District information
- Grades: 6-12
- Superintendent: Gregory Molloy

Students and staff
- Students: Approx. 500

Other information
- Website: www.m-ecs.org

= Morrisville-Eaton Central School District =

School district in the U.S. state of New York

Morrisville-Eaton Central School District is located in Morrisville, New York, U.S.A. It is located in Madison County, in the center of New York State. It is a small rural village roughly 30 miles southeast of Syracuse and 30 miles southwest of Utica. Morrisville had a population of 2,148 for the 2000 census. The school district consists of the Edward R. Andrews Elementary School and Morrisville-Eaton Junior/Senior High School. Grades K-5 attend the elementary school, while 6-12 attends the Jr./Sr. High School.
The Morrisville-Eaton Central School District serves approximately 15,190 residents in seven townships which are: Eaton, Fenner, Lebanon, Lincoln, Nelson, Smithfield, and Stockbridge. The elementary and high school are host to about 450 students apiece.

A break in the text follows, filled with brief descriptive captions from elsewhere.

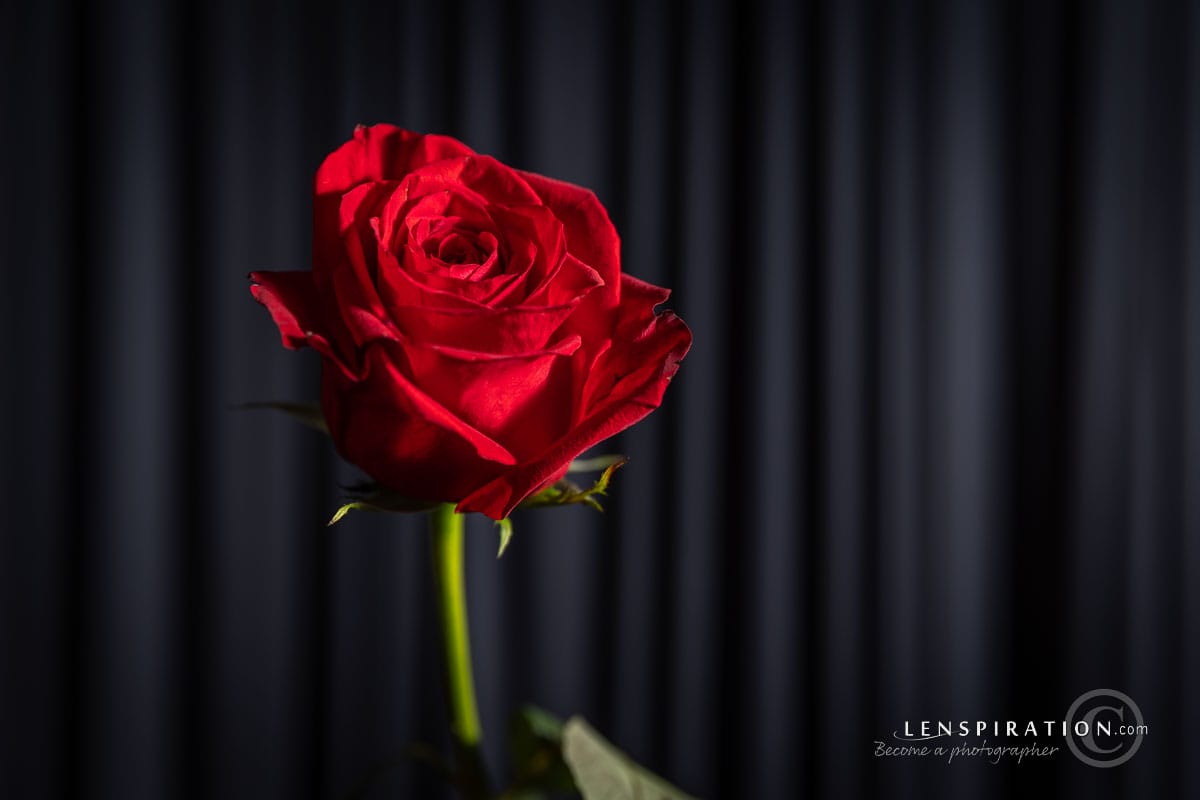 Single rose, studio portrait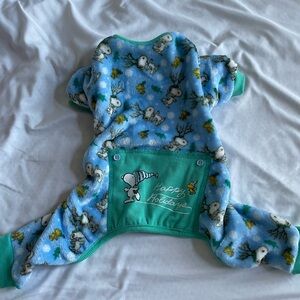 Peanuts Blue and Green Snoopy Footie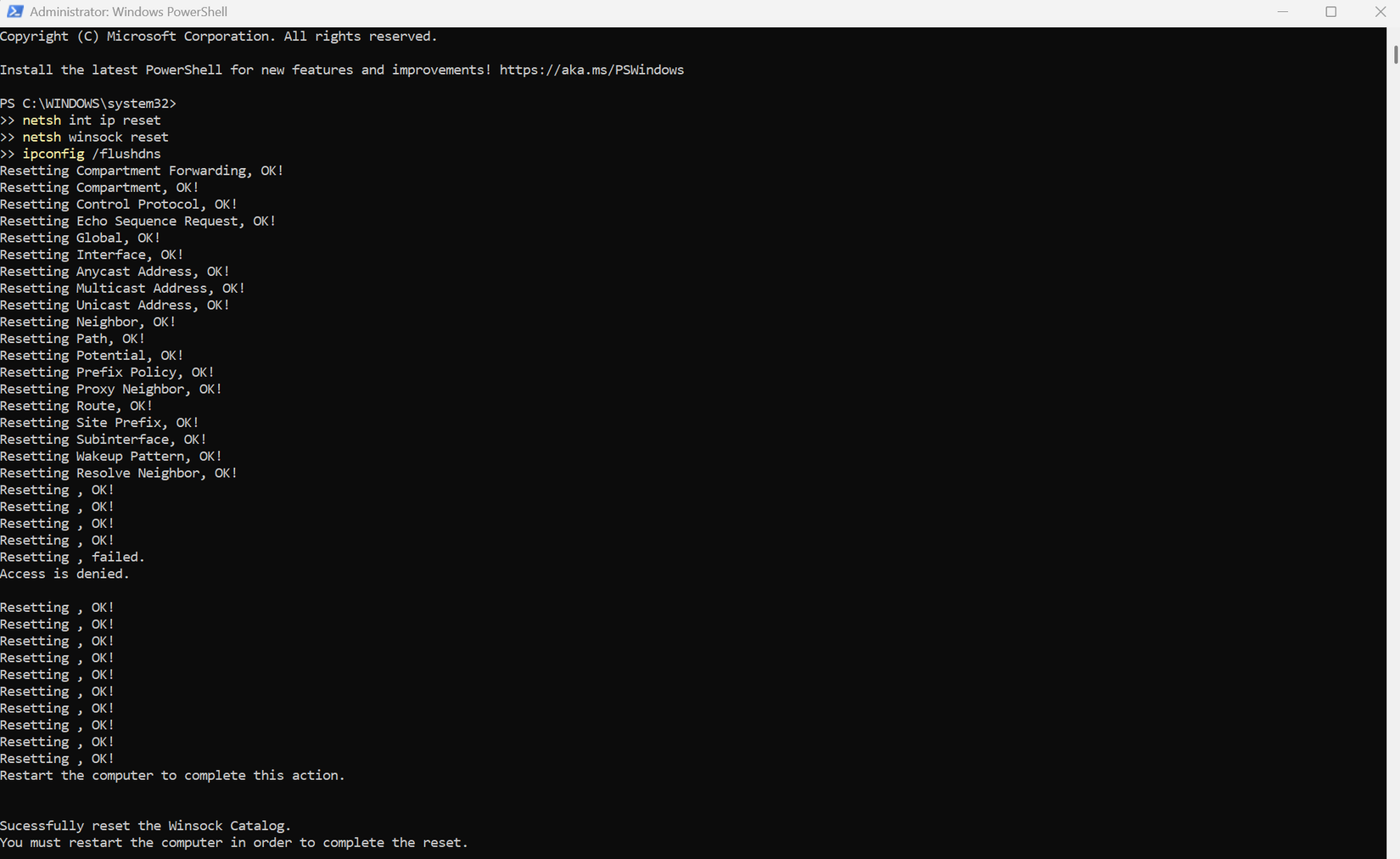 A screenshot of Windows PowerShell with a script to flush the DNS.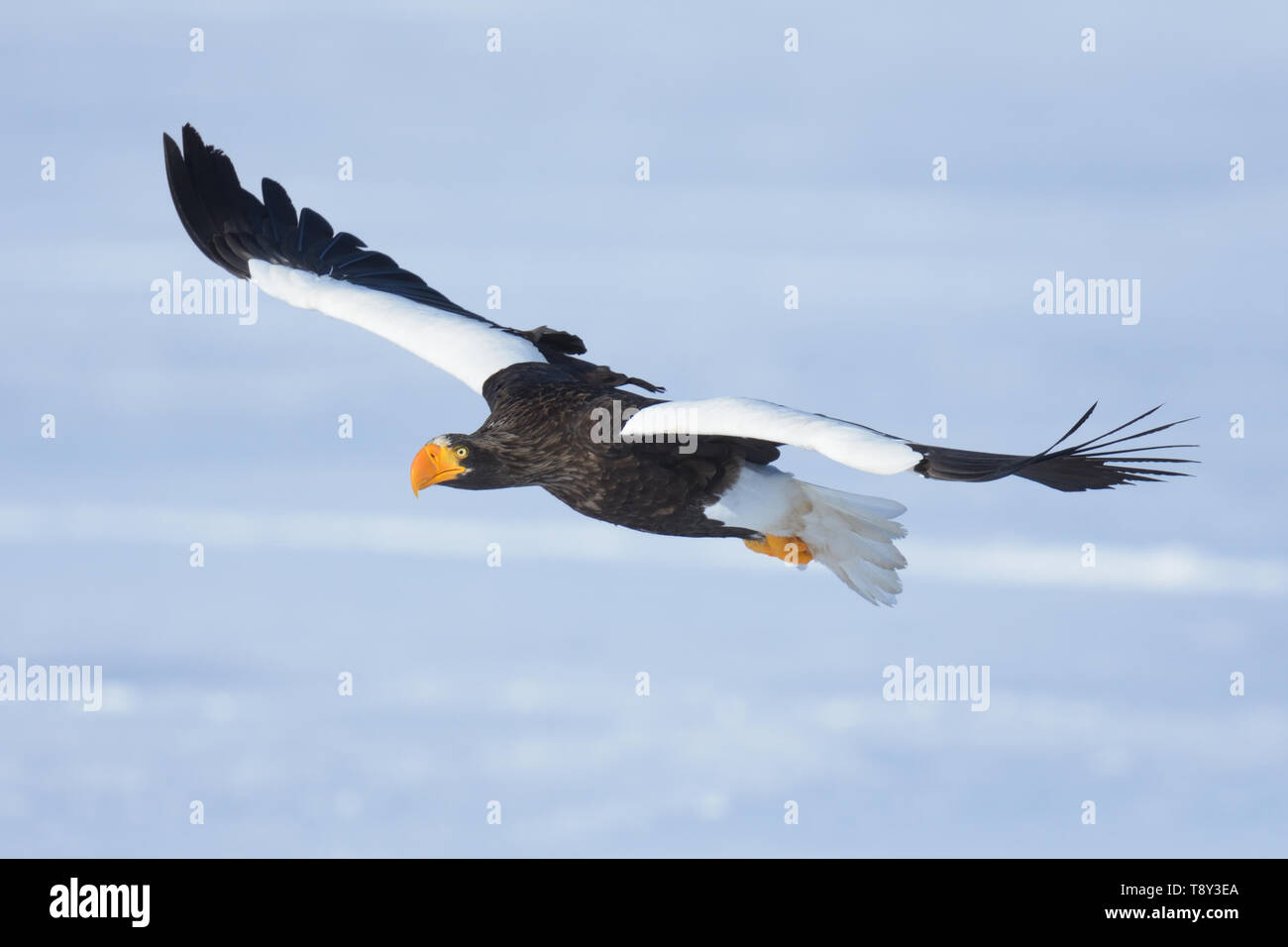 Steller's Sea Eagle (Haliaeetus pelagicus) flying over the frozen Lake Furen, Hokkaido Island, Japan. Stock Photo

The elementary school was built in 1935 with a large addition added in 1955. The high school was constructed in 1967 and was first used in March, 1968. In May 1999, voters approved an $11,600,000 renovation project for the high school, in which a large portion of this project included adding onto the school for more classroom space. It also added a track and new football field. This project was completed in 2004.

== Athletics ==
The high school offers a wide range of extra activities for its students. Fall sports include field hockey, boys and girls soccer, and football. Winter sports include a wrestling team, boys and girls basketball, volleyball, and a cheerleading squad. Spring sports include track, baseball, softball, and tennis. Morrisville is probably most recognized for their field hockey team, coach Patti Vaughan is currently 4th on New York State's All-Time wins list. The school's mascot is the Warrior and the school colors are white and scarlet.